12 Years of Gmail, Part 5: Mail

Posted on 05 December 2016 in Technology

This post is part of my series, 12 Years of Gmail, taking a look at the data Google has accumulated on me over the past 12 years of using various Google services and documenting the learning experience developing an open source Python project (Takeout Inspector) to analyze that data.

After taking a look at the chat data in my export, I am finally ready to move on to some of the actual mail! Much of what I will look at here is pretty similar to what I was able to turn up with chat data. I tried to branch out a bit, bringing in a new package to create word clouds, and also refactored some of the Takeout Inspector code to form the beginning of a more "formal" report generating process (instead of just spitting out a single HTML file with only a certain subset of the data). Hopefully I can continue to improve this to a point allowing for easier report generation for any user. Anyway, on to the mail data!

Top 10 Recipients

Top 10 Recipients

This is one of the first graphs I produced while prototyping this idea. The top recipient (person I have sent email to) by far, Crystal Meyer, is my wife and the remaining folks are a mix of friends and family so there is nothing much to dig in to for this graph.

Top 10 Senders

Top 10 Senders

This is at least slightly more interesting - while Crystal Meyer is the top person I send email to, she is not the top person I receive email from. So who is this mystery Lindsey Campbell? Not a person at all! This happens to be a "noreply" style address used for automated emails from a website forum dedicated to a Left 4 Dead game server that I operated for a couple of years.

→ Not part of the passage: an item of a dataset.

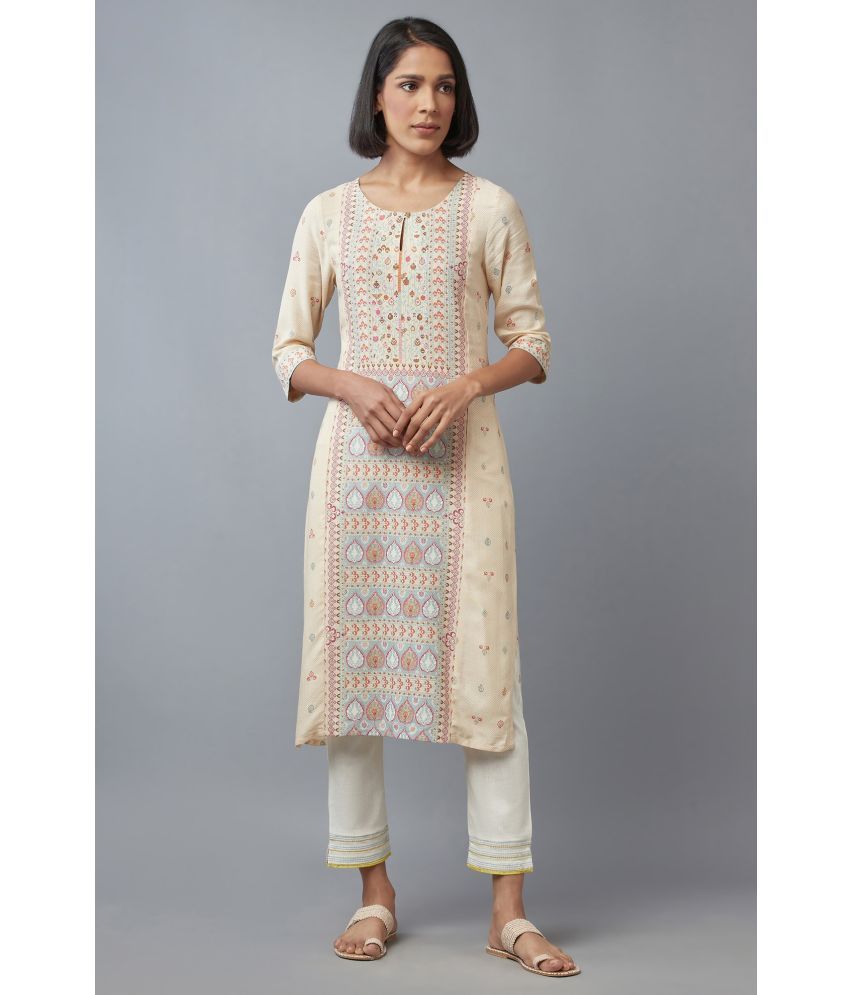     			W Rayon Printed Straight Women's Kurti - White ( Pack of 1 )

Number two on this list, Craig Wilber is also not a real person. This heavy traffic is from an automated email service from DNSstuff that I have used in the past to alert me of DNS issues for a website. For exactly one year from 2006 to 2007 I received a couple of emails from this service every day. Looking at the content of some of these emails, I am not quite sure why I received so many for such a long time. They all report odd results about changing DNS records every couple of hours. Curious...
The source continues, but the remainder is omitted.